__WHAT YOU WILL DO__: Only the lines below from the one that contains "bastian online show from 03/11/25, 05:46" through the one that contains "GloTech LED Compact Mirror" should appear in your answer, exact and without pictures.

Top of DATASET

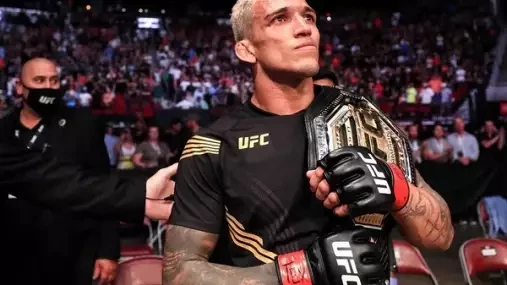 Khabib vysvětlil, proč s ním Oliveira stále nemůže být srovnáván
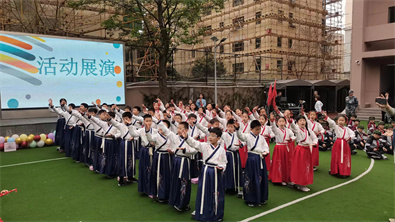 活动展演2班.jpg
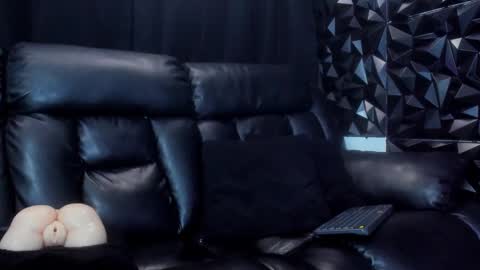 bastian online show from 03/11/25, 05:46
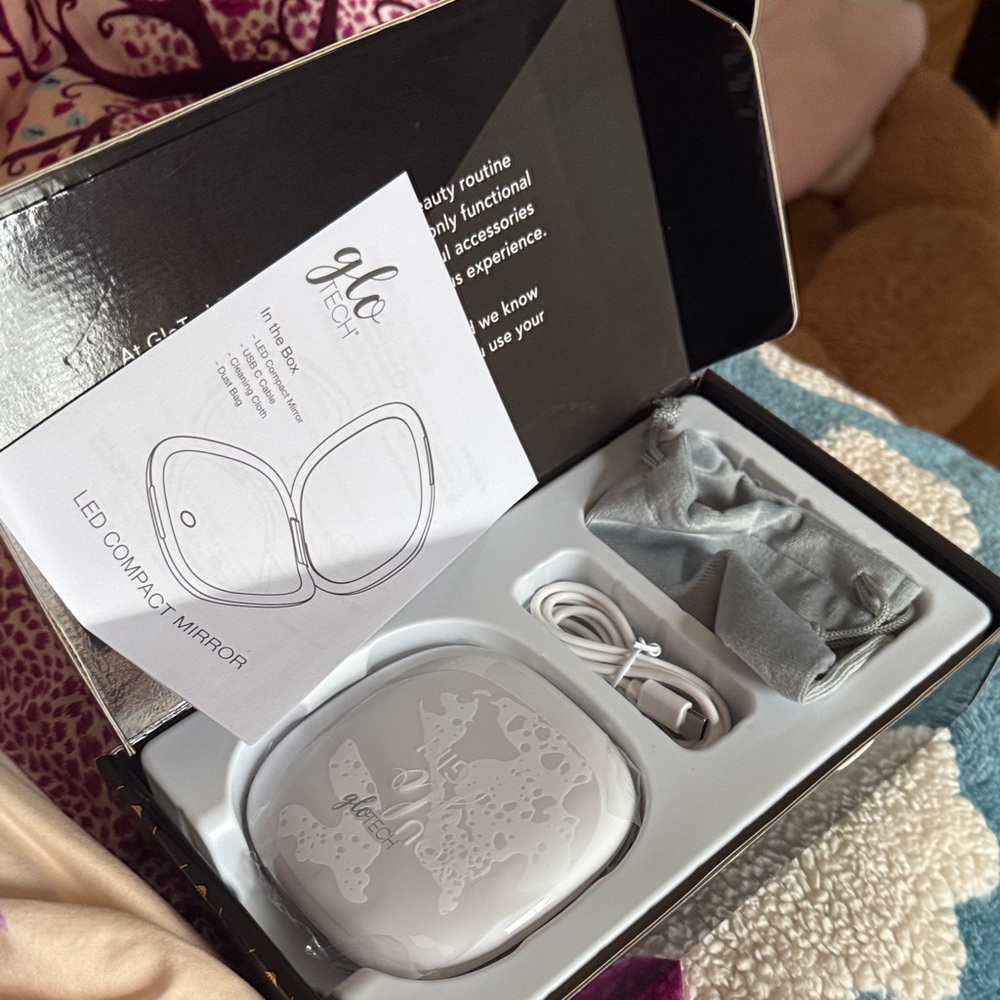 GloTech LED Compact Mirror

Bottom of DATASET
Top of DATASET

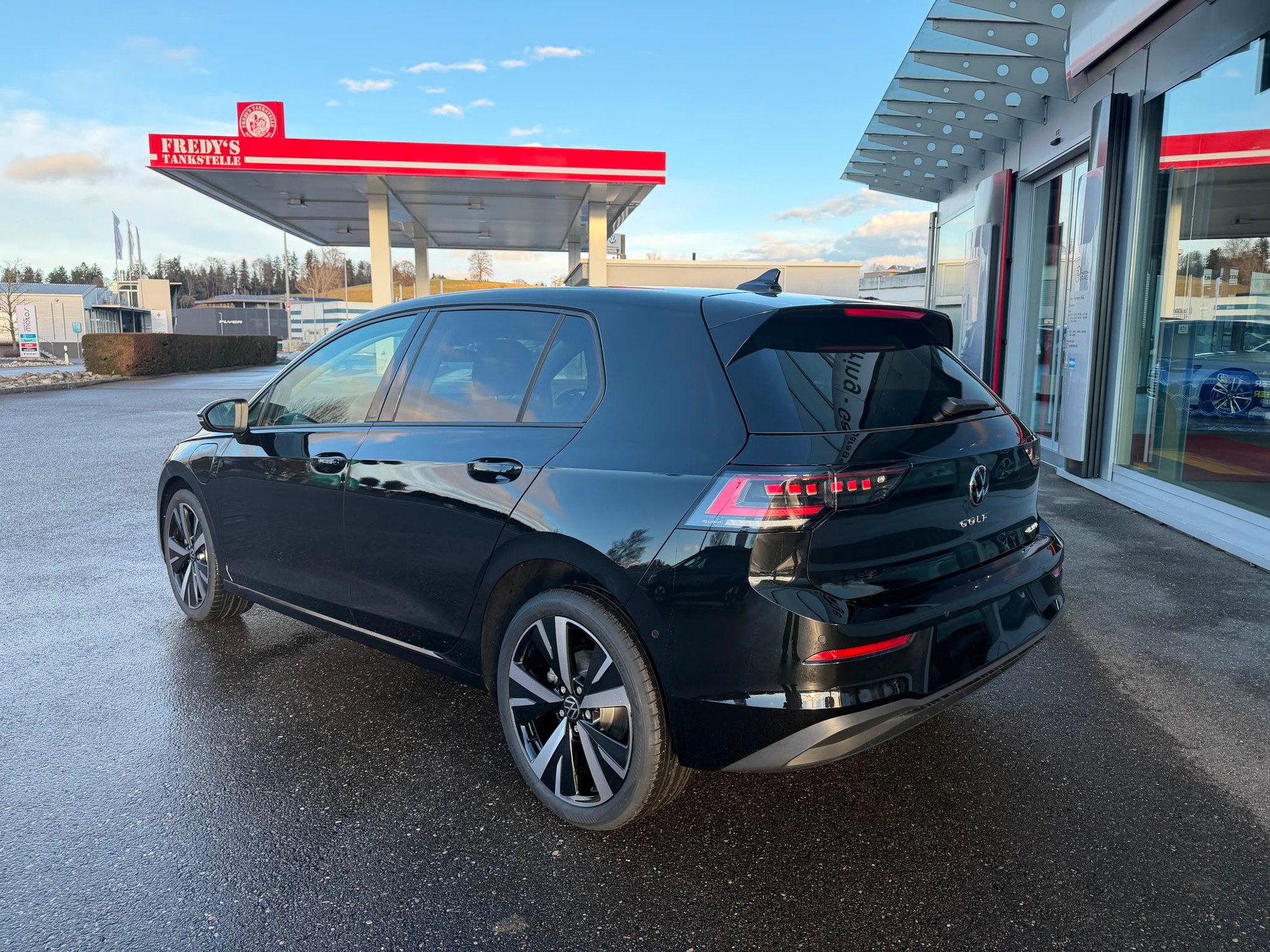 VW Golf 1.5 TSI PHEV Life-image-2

Bottom of DATASET

__YOUR SOLUTION__:
 bastian online show from 03/11/25, 05:46
 GloTech LED Compact Mirror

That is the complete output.